The CLIMB-BIG-DATA computational infrastructure relies on virtualisation, where physical computing is re-purposed into a scalable system of multiple independent virtual machines (VMs) run on OpenStack (a free open-source platform for cloud computing), with access to the CEPH platform to implement object storage. Through a user-friendly web portal Bryn , users gain instant, free access to their own VMs, preconfigured for microbial genome analysis with powerful but user-friendly resources such as the Genomics Virtual Laboratory and Galaxy. CLIMB-BIG-DATA users gain root access on their VMs, so that they have been able to install their own software. Over the last five years, our users have fired up over 4900 VMs!

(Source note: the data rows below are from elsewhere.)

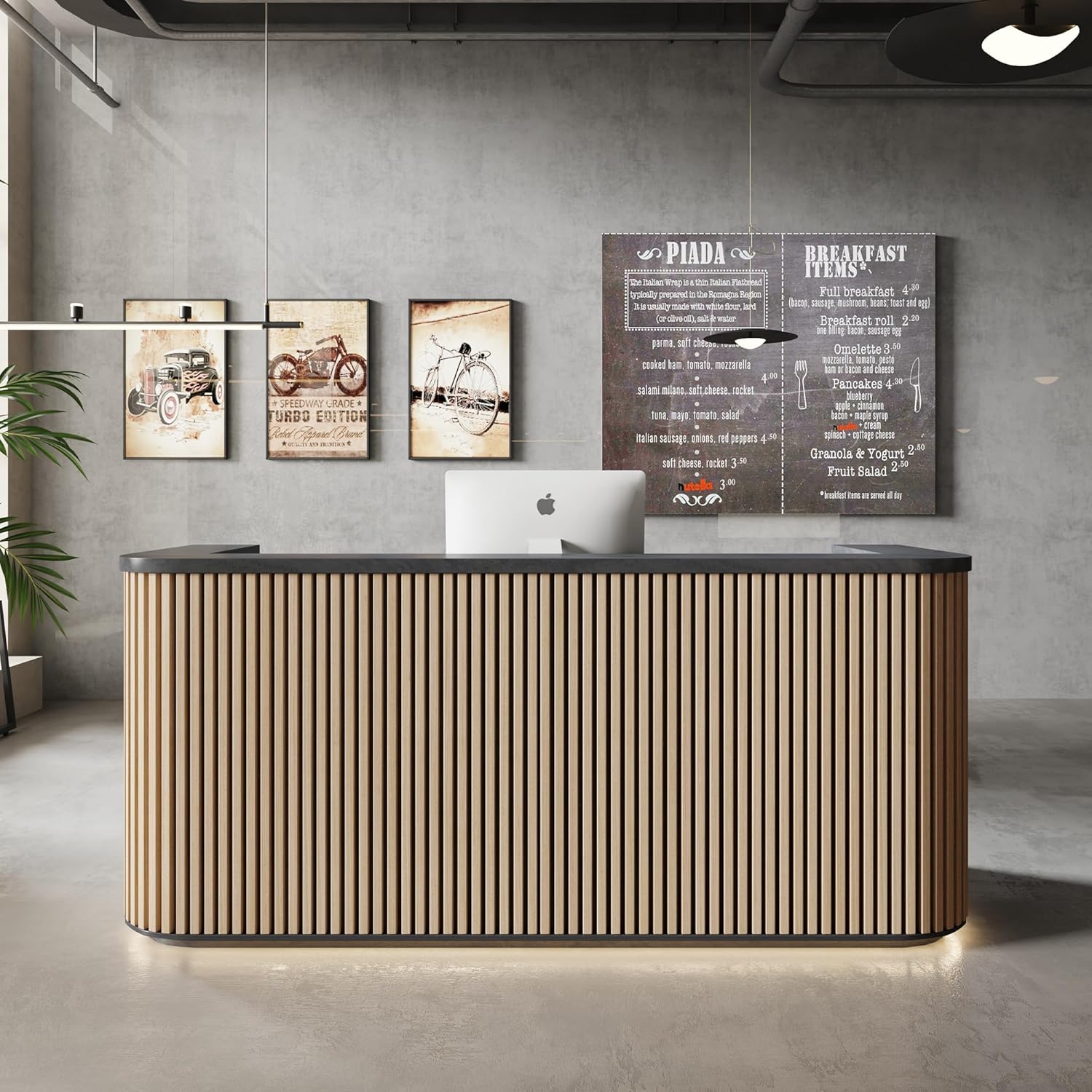 SAINTCY 70.87" Curved Reception Desk with Counter, Modern Black Front Desk with Power Outlets & LED Lighting, Engineered Wood Reception Counter for Office, Salon, Lobby & Retail Checkout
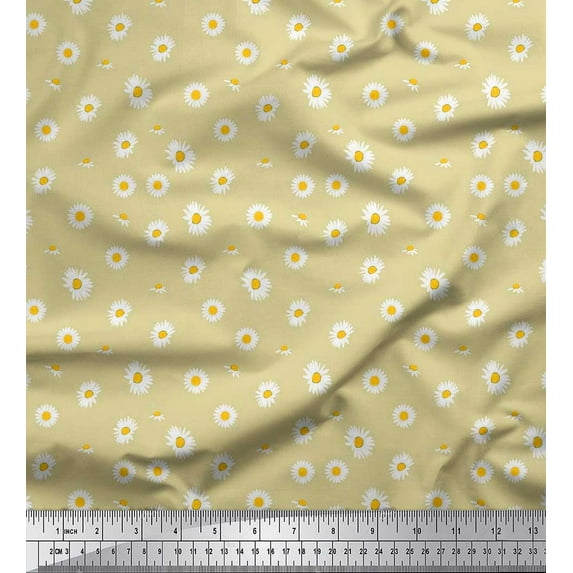 Soimoi Cotton Jersey Fabric Daisy Shirting Print Sewing Fabric Yard 58 Inch Wide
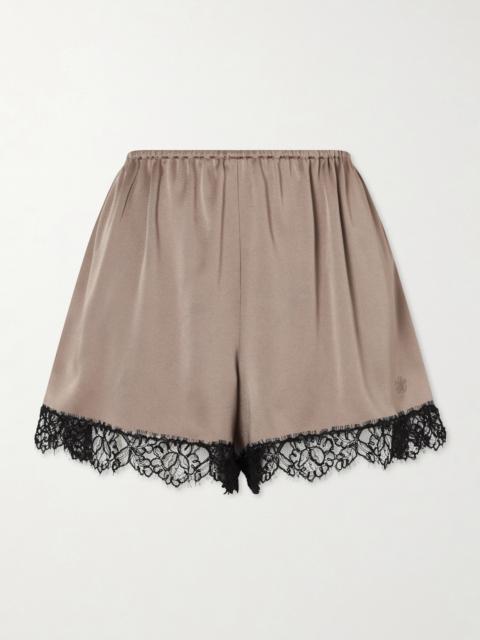 Lace-trimmed Embroidered Satin Shorts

The CLIMB system is composed of over 7,500 CPU cores of processing power. This makes it probably the largest single system dedicated to Microbial Bioinformatics research, anywhere in the world.
To provide users with local, high performance, storage we have deployed IBM GPFS in each of the 4 sites, to provide 500TB of local storage. This storage is connected to our servers using Infiniband.
Unlike most supercomputers, the CLIMB-BIG-DATA system has been designed to provide large amounts of RAM, in order to meet the challenge of processing large, rich biological datasets.
The CLIMB-BIG-DATA system provides a pool of CPU cores and RAM for microbial Bioinformatics research. The system has been designed to support over 1,000 VMs running simultaneously, supporting most of the microbial bioinformatics community within the UK.
For long-term data storage, to share datasets and VMs and to provide block storage for running VMs, we deploy a storage solution based on Ceph. Each site has 27 Dell R730XD servers, with each server containing 16x 4TB HDDs, giving a total raw storage capacity of 6912TB. All data stored in this system is replicated 3x, which gives us a usable capacity of 2304TB.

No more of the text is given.